After much emailing, phone conversations and a few brief meetings, Robert, my cycling companion, and I managed to meet at the precise agreed time at the departure platform of San Francisco's airport. Thanks to Robert collecting my bike box the day before, I was able to enjoy the walk down to the Mission station BART with Kristen's help sharing the rest of my load. Being early Sunday morning, the streets were quiet - no towering drag queens or overflowing bars, just dog walkers and sleeping homeless.
Checking in and flying went smoothly, and even the brief escape from the airport in Seattle to find some lunch in the downtown area on a cheap local bus was straightforward. I had a window seat on both legs and with clear conditions, I was able to get a better picture of the immense undertaking we have ahead of us.
On the flight to Seattle, the snowy volcano cones of mountains Lassen, Shasta, Hood, St Helens, Adams and Garibaldi poked up above the clouds. We looked down over Victoria, on Vancouver Island and Port Angeles – the bay crossing where we will return to the States from Canada. North of there, the mountains marched out into the water on islands and into the distance with steep-sided fjords and gorges. Glaciers, milky-green rimmed lakes (caused by glacial rock ‘flour’) and crocodilian ridgelines reminded me that there will be some chilly and steep parts of the journey back south. Snaking rivers surrounded a paisley pattern of ox-bow lakes suggest some flatter areas.
An old friend of Robert's, Penny, gave us a whirlwind tour in the 10pm sunshine, with running commentary of Fairbanks and all the buildings that have been demolished. Maintaining built-heritage is clearly not a priority when new buildings can be bigger and boxier (the Alaska Museum at the University and the airport terminal are the two buildings of architectural note that I saw). As a result, the town has a generic feel. A box town has sprung up on the edge of Fairbanks - a cluster of all America's biggest megastores surrounded by a sea of carparking. We lost hours over the next two days, in these energy-sapping hulks seeking last minute gear and food supplies.

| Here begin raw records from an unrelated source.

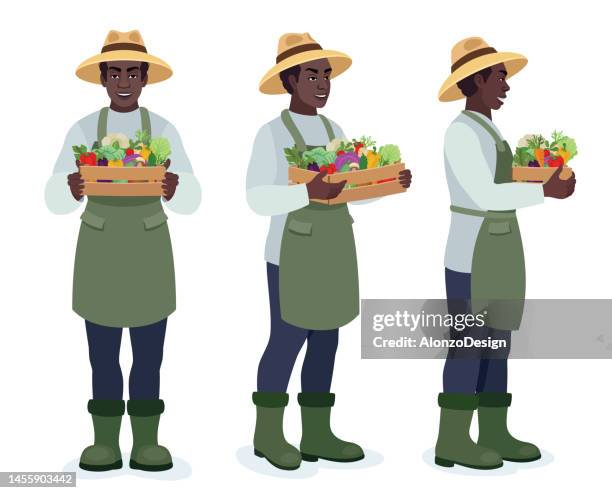 stockillustraties, clipart, cartoons en iconen met african american farmer holding a crate of bio vegetables . different poses design. - krat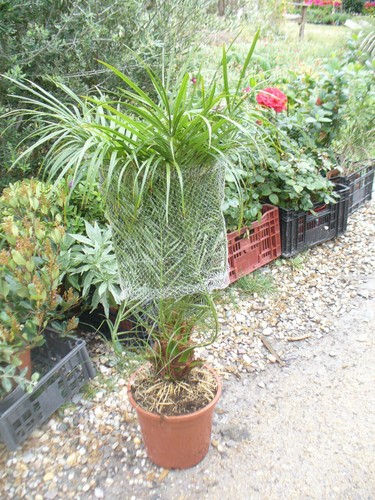 Phoenix roebelenii roebelinii - phoenix,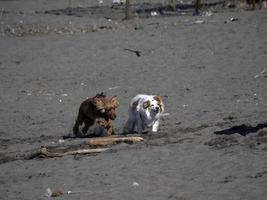 heureux, chien, cocker, jouer, plage photo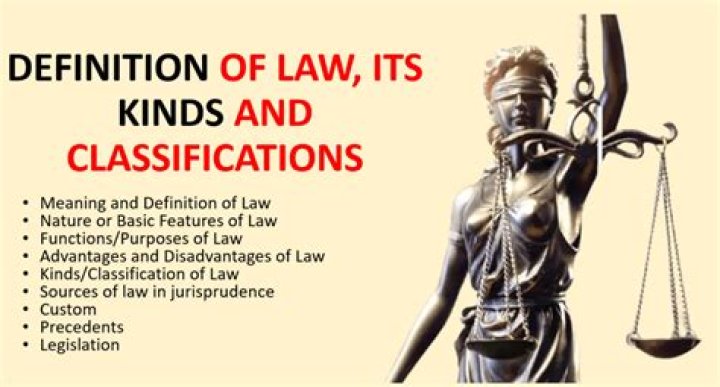 What is the vocabulary word for laws?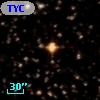TYC  482-3170-1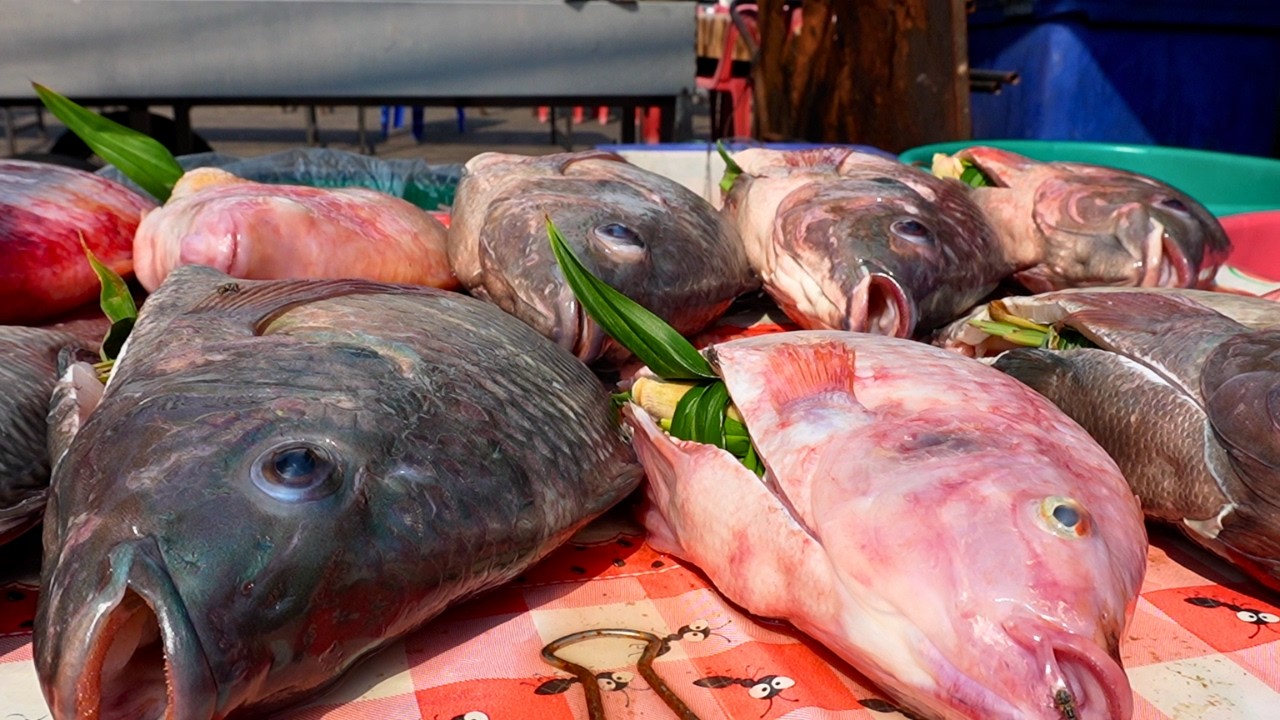 Non Stop Grilling! 200 Kg Tilapia Fish Sold Out In 3 Hours Per Day | Thai Street Food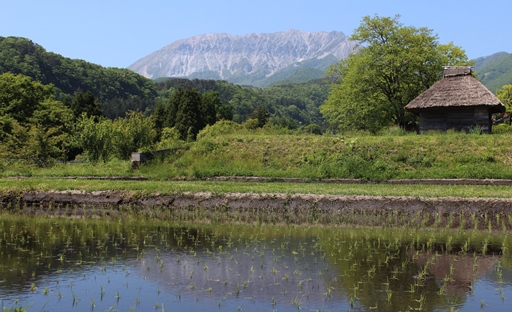 江府町御机地区の田んぼ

Houses vary from log cabins (more traditional) to simple boxy forms clad in plywood and twee European-style chalets. Windows tend to be minimised to cut out the summer sun and store winter warmth. Yards are spacious with many filled with skeletons of cars and other flotsam. With a very short summer, well kept gardens are a rarity.
The town of Fairbanks may not be much of a beauty but its surrounding landscape is completely different from any that I’ve experienced before – rolling hills covered in spruce, birch and aspen with permafrost beneath the spongy ground and views of the distant snow-topped Denali Mountains. Wildflowers are everywhere - wild rose, bluebells and many others.
The days are impossibly long (endless, in fact), and it's easy to lose track of time when the sun is still shining. I fall asleep pretty instantly when I do go to bed, however, but that may be due to the fact that staying up until midnight is easy to do without keeping an eye on a clock. I have a blindfold at the ready for when we start camping tonight.
After 2.5 weeks of public transport, aeroplanes, walking and car travel - all been fun and adventurous - I'm looking forward to finally starting to cycling this morning towards Haines. Robert seems like the perfect cycling companion. Let's see how we go when we start pedalling!
Time to load up my bike and give it a test ride.